It is true that not every case that is brought against a broker for the misappropriation of funds entrusted to his or her care necessarily entails recovery from the Fund. For example, the lawsuit may be settled, the broker may defend the suit successfully, or the realtor may satisfy fully any judgment against him or her. Because unproductive intervention wastes the resources of the Department, its efforts should be restricted to cases which will result in claims against the Fund. See D'Occhio v. Connecticut Real Estate Com. (1983), 189 Conn. 162, 175, 455 A.2d 833, 839; note, 56 Chi-Kent L. Rev. 401, 421-22 (1980).

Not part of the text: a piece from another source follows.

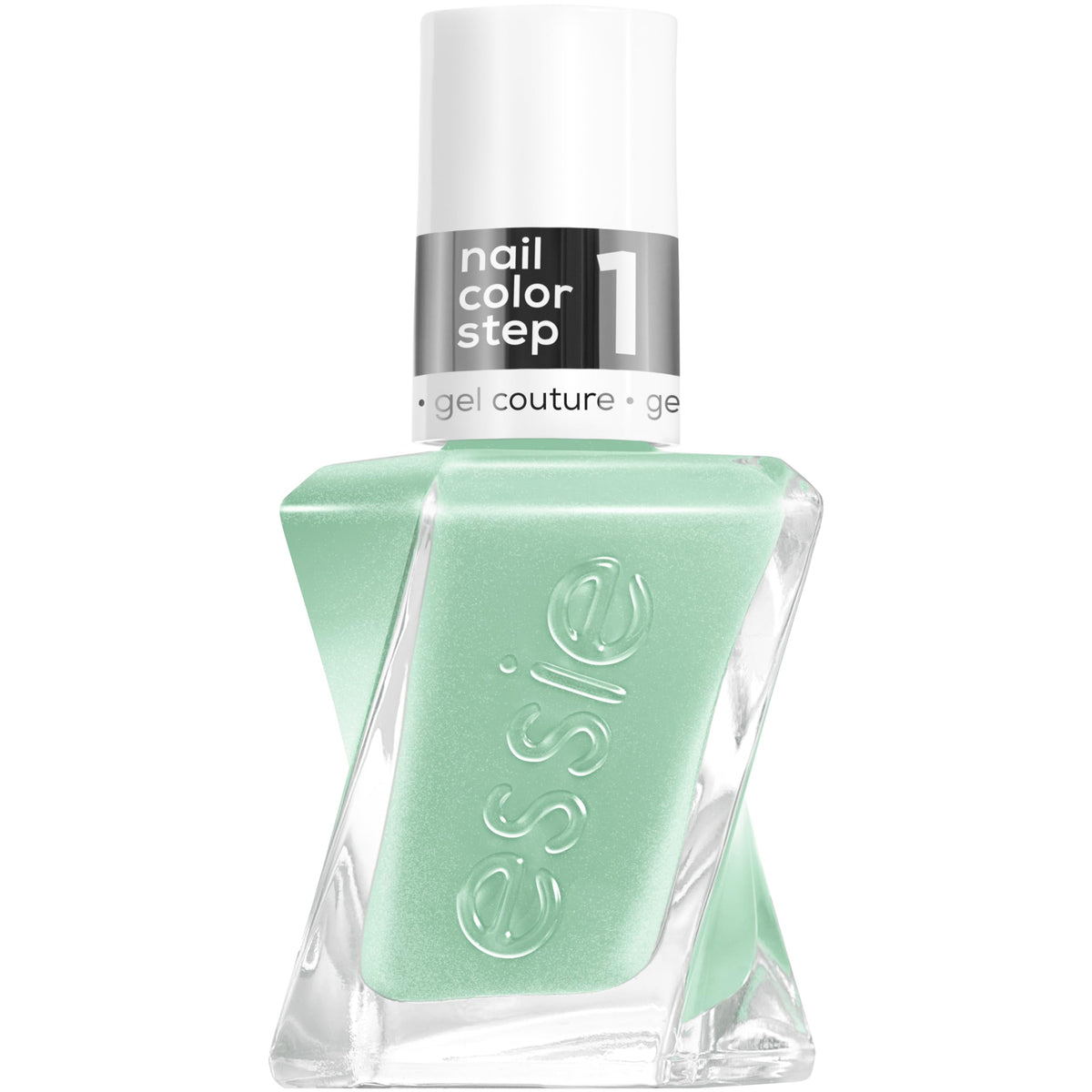 essie Gel Couture Be Dazzled frente a la botella, color verde salvia suave, para iniciar manicure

Relying upon two criminal cases that have construed "may" and "would" as synonymous (People v. Powell (1982), 107 Ill. App.3d 418, 420; People v. Malloy (1980), 83 Ill. App.3d 344, 347), the plaintiff erroneously argues that the word "may" in section 8.3(a) ("a judgment which may result in collection from the * * * Fund") should be interpreted as "would." Based upon his interpretation of the statute, the plaintiff concludes that notice is not required until it becomes apparent that the real estate broker cannot satisfy a judgment. The plaintiff concludes that he was not required to give the Department notice of the lawsuit until late in 1983, when it became clear that he would be unable to recoup his $10,000 earnest money from the real estate broker. Such an interpretation of the statutory language is unreasonable and would render the notice requirement a virtual nullity, for a plaintiff normally would not have sufficient knowledge at the initial stage of the litigation to determine whether he would or would not be able to collect damages from the realtor.
• 3 Section 8.3(b) of the Act obligates the plaintiff to establish that he complied with the requirements of section 8.3, including the notice provisions of section 8.3(a) (Ill. Rev. Stat. 1981, ch. 111, par. 5718). Also, section 8.3(c) requires that the trial court be satisfied the plaintiff complied with all those requirements before ordering the Department to make payment from the Fund. (Ill. Rev. Stat. 1981, ch. 111, par. 5718(c).) Furthermore, section 8.8 expressly states that the applicant's failure to comply with the Fund provisions of the Act shall constitute a waiver of that person's right under the Act. (Ill. Rev. Stat. 1981, ch. 111, par. 5723.) In light of those clear statutory pronouncements, as well as the principle that the statutory language must be construed strictly, we hold that the plaintiff has waived his right to recover from the Fund due to his failure to satisfy the statutory notice requirement.
The judgment of the court of Kane County is reversed.
NASH, P.J., and REINHARD, J., concur.